The term of office of each person elected as a Director will continue for the applicable term of such Director's class, or until his successor has been duly elected and qualified.
The following table indicates the name of each nominee/director, the Director's class, and certain information regarding each nominee, including their age, principal occupation or employment, and the year in which each nominee first became a Director of the Company, if such person has previously served on the Company's Board of Directors.
Name | Age | Current Position/Office | Position Held Since | Class |
Brian Rafferty | 49 | Director | | 2 |
Khaldoun Awamleh | 47 | Director | 2005 | 2 |
Robert M. King | 45 | Director | 2006 | 2 |
Brad Farrow | 50 | Director | 2006 | 2 |
Mehdi Varzi | 60 | Director | 2003 | 2 |
Charles Waterman | 67 | Director | 2003 | 2 |
Frank Smith | 60 | President/CFO/Director | 2006 | 2 |
KHALDOUN AWAMLEH, DIRECTOR
From 1992 to 2001, Mr. Awamleh was owner and General Manager of Arab Infotech Center, a computer hardware and software company. From 2001 to 2002, Mr. Awamleh served as Chairman of Jordan Aviation, a charter airplane company. Mr. Awamleh currently serves on the board of directors of five companies, including Sonoran Energy, Inc. Mr. Awamleh began serving as a director and partner of Axiolog, an e-logisitic company, in 1999. In 2004, Mr. Awamleh began serving as a director of Allied Soft, a software company, and Cyber City, a qualified industrial zone. Mr. Awamleh also serves as Chief Executive Officer of Cyber City. Also in 2004, Mr. Awamleh began serving as a director for Dibah Construction Company. Mr. Awamleh also owns Al Jawarah Hotal Suites in the United Arab Emirates and is a Partner in the Arab American University in Jenin - West Bank.
BRAD FARROW, DIRECTOR
Since 1985, Brad Farrow has led implementations for RLG International clients throughout North America and Western Europe. He introduced RLG's TMP® process (Theoretical Maximum Performance) to the drilling industry in 1996 and has helped to establish RLG as the consultant of choice for offshore performance coaching. Brad spent six years leading RLG's European Operations from Scotland. His current role as a Managing Director includes overseeing the European Operations and directing RLG's international and offshore oil and gas portfolio. Additionally, he is a director of Technical Limit Services Ltd., a performance coaching organization specializing in offshore drilling operations.

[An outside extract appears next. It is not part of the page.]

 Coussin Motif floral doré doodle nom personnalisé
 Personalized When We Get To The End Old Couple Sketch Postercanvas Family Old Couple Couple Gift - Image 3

Mr. Farrow holds a Bachelor of Science degree from Concordia University in Montreal and an MBA from the University of Western Ontario. He joined the Board of Sonoran Energy, Inc on June 27, 2006.
ROBERT M. KING, DIRECTOR
Robert M. King is a strategic financial executive who has spent most of his career involved with the oil and gas industry, first as a banker, managing lending and corporate finance relationships with diversified energy companies, then as a senior financial officer of two different independent oil and gas companies, and finally as Co-Founder and Managing Director of a private equity group focused on natural gas development opportunities.
Mr. King was the Senior VP and Chief Financial Officer of Nuevo Energy Company from 1996 through 2001. From 2002 to September 2004, he was co-founder and Managing Director of Red Oak Capital Management, LLC, a private firm which raises capital for development drilling projects and provides other similar advisory services for small oil and gas companies.
Mr. King lives in Houston, Texas, where he has been involved in the management of a major nonprofit human services organization since 2004. He joined the Board on July 18, 2006.
MEHDI VARZI, DIRECTOR
Mr. Varzi established Varzi Energy as an independent oil and gas consultancy in June 2001 after a 33-year career spanning oil, diplomacy and international finance. From 1982 - 2001, Mr. Varzi worked in the City of London, first as an oil consultant, specializing in OPEC and international oil market developments from 1982-1986 with stockbrokers Grieveson Grant; then as a Director of Energy Research with Kleinwort Benson (1986-1995), and then in the same position with Dresdner Kleinwort Wasserstein (1995-2001), retiring as Managing Director of Energy Research in 2001. From 1972-1981, Mr. Varzi served in the Iranian Ministry of Foreign Affairs, and was posted to the Iranian Embassy in Ankara from 1977-1981. From 1968-1972, Mr. Varzi served as a Senior Analyst in the International Affairs Section of the National Iranian Oil Company. Mr. Varzi regularly conducts briefings on world oil issues for private and state oil and gas companies and is cur rently involved in a number of oil and gas projects in the Middle East.
BRIAN RAFFERTY, DIRECTOR
Born in Washington, DC, and raised mainly in the Philippines and Thailand, while earning his B.A. in philosophy at Georgetown University, Mr. Rafferty served as the personal assistant to Thomas Corcoran, a major figure on the DC lobbying and international relations landscape for almost five decades.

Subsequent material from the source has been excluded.